Germany’s Federal Cartel Office implicitly recognised this with its Facebook decision, which did not demand the divestiture of every business beyond the core social network – the “Mark Zuckerberg Production” that began in 2004. Instead, the competition authority prohibited Facebook from conditioning the use of that social network on consent to the collection and combination of data from WhatsApp, Oculus, Masquerade, Instagram and any other sites or apps where Facebook might track them.

The decision does not limit data collection on Facebook itself. “It is taken into account that an advertising-funded social network generally needs to process a large amount of personal data,” the authority said. “However, the Bundeskartellamt holds that the efficiencies in a business model based on personalised advertising do not outweigh the interests of the users when it comes to processing data from sources outside of the social network.”

The Federal Cartel Office thus aims to wall off the data collected on Facebook from data that can be collected anywhere else. It ordered Facebook to present a road map for how it would implement these changes within four months of the February 2019 decision, but the time limit was suspended by the company’s emergency appeal to the Düsseldorf Higher Regional Court.
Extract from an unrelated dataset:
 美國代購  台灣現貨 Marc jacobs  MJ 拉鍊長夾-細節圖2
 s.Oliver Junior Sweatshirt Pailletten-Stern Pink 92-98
Federal Cartel Office president Andreas Mundt has described the kind of remedy he had ordered for Facebook as not exactly structural, but going in a “structural direction” that might work for other cases as well. Keeping the data apart is a way to “break up this market power” without literally breaking up the corporation, and the first step to an “internal divestiture”, he said.
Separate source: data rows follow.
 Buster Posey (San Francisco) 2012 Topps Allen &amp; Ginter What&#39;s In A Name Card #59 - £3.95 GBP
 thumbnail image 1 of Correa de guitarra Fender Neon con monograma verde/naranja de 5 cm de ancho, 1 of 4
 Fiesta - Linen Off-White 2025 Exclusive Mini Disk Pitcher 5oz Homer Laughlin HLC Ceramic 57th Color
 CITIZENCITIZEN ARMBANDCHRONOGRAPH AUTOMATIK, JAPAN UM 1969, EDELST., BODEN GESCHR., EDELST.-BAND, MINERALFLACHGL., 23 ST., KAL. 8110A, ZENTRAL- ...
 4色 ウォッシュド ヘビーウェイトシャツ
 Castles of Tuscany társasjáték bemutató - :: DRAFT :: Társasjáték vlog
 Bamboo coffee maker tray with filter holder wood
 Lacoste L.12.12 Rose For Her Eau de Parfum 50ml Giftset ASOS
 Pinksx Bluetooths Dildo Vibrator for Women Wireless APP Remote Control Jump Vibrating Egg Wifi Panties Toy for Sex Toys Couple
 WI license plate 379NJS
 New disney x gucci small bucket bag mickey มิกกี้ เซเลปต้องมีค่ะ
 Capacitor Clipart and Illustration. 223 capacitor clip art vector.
Mundt claimed that this kind of remedy gets to “the core of the problem”: big internet companies being able to out-compete new entrants, because the former can obtain and process data even beyond what they collected on a single service that has attracted a large number of users.

He used terms like “silo” rather than “firewall”, but the essential idea is to protect competition by preventing the dissemination of certain information. Antitrust authorities worldwide have considered firewalls, particularly in vertical merger remedies, as a way to prevent the anticompetitive movement of data while still allowing for some efficiencies of business units being under the same corporate umbrella.

Notwithstanding Mundt’s reference to a “structural direction”, competition authorities including his own have traditionally classified firewalls as a behavioural or conduct remedy. They purport to solve a specific problem: the movement of information.

Other aspects of big companies that can give them an advantage – such as the use of profits from one part of a company to invest in another part, perhaps to undercut rivals on prices – would not be addressed by firewalls. They would more likely would require dividing up a company at the corporate level.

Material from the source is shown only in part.